This is the fourth article in a series about data-driven VFMs. In a previous post, we discussed the main challenges of modeling well flow rates using a data-driven approach.

The hype around data-driven VFMs is taking off, and promising results from an increasing number of data-driven VFMs are presented in the literature (Berneti and Shahbazian 2011, Ahmadi et al. 2013, Hasanvand and Berneti 2015, AL-Qutami et al. 2017a, AL-Qutami et al. 2017b, AL-Qutami et al. 2017c, Bikmukhametov and Jäschke 2019). Many of the studies are done on a small number of wells, and/or built on data with high variety generated specifically for the study. Other studies span just a few months of data, and might avoid the non-stationarity problem altogether.

60

wells from 5 assets

In our opinion such results might be misleading, and using traditional data-driven approaches to the flow estimation problem has inherent challenges that make them difficult to scale in operations. By "traditional", we mean models that only use data from the well itself to model its behavior. To back up this claim, we will present results on the predictive performance achieved in a broad case study of 60 wells from 5 different oil and gas assets spanning several years of data. The details of the study can be found in our underlying paper, listed as the last item in the reference list (Grimstad et al. 2021).

One of the key concerns about data-driven VFMs is their ability to generalize. This was the challenge we presented in a previous post as potentially unescapable. To approach this question, we investigate the predictive performance of four different data-driven models, for both historical and future data. If the models generalize well, we should expect a similar accuracy across all wells on both historical and future data. In addition, we investigate the effect of more sophisticated modeling techniques, and the impact of data quality versus data quantity in the small data regime environment that we are in.
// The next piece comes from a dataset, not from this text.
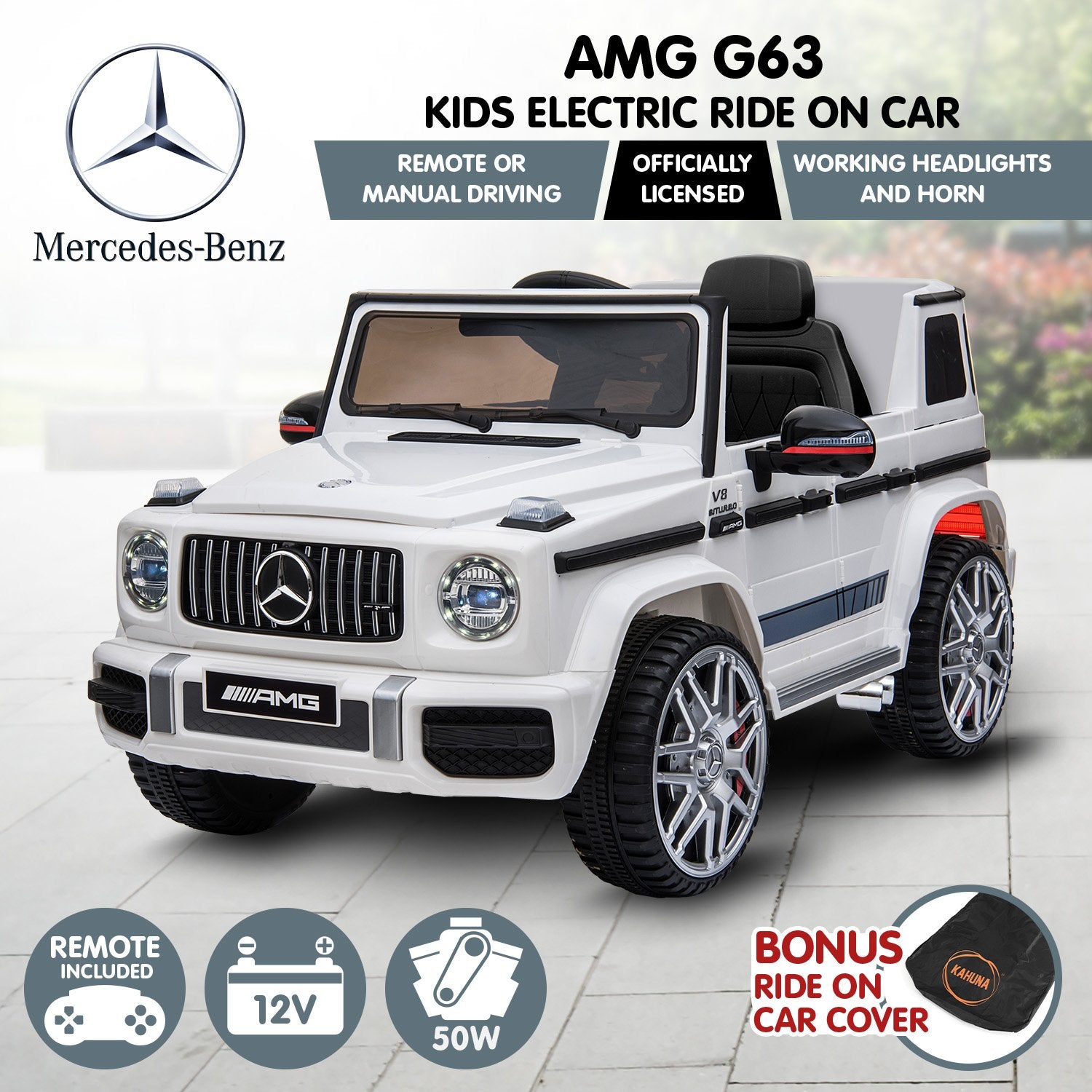 Kahuna Mercedes Benz AMG G63 Licensed Kids Ride On Electric Car Remote Control - White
All the models we studied are probabilistic neural networks (NN). The reference model uses maximum a posteriori estimation (MAP) to estimate the model parameters from data, while the three more sophisticated models use variational inference (VI). The four models also model the noise on the flow rate measurements. Three different noise models are considered: fixed homoscedastic noise, learned homoscedastic noise, and learned heteroscedastic noise. Heteroscedastic noise means that the noise level is dependent on the signal being measured, whereas homoscedasticity is the lack of heteroscedasticity. If the noise model is fixed it means the noise level should be determined prior to model development. A learned model means that the noise model is learned from data.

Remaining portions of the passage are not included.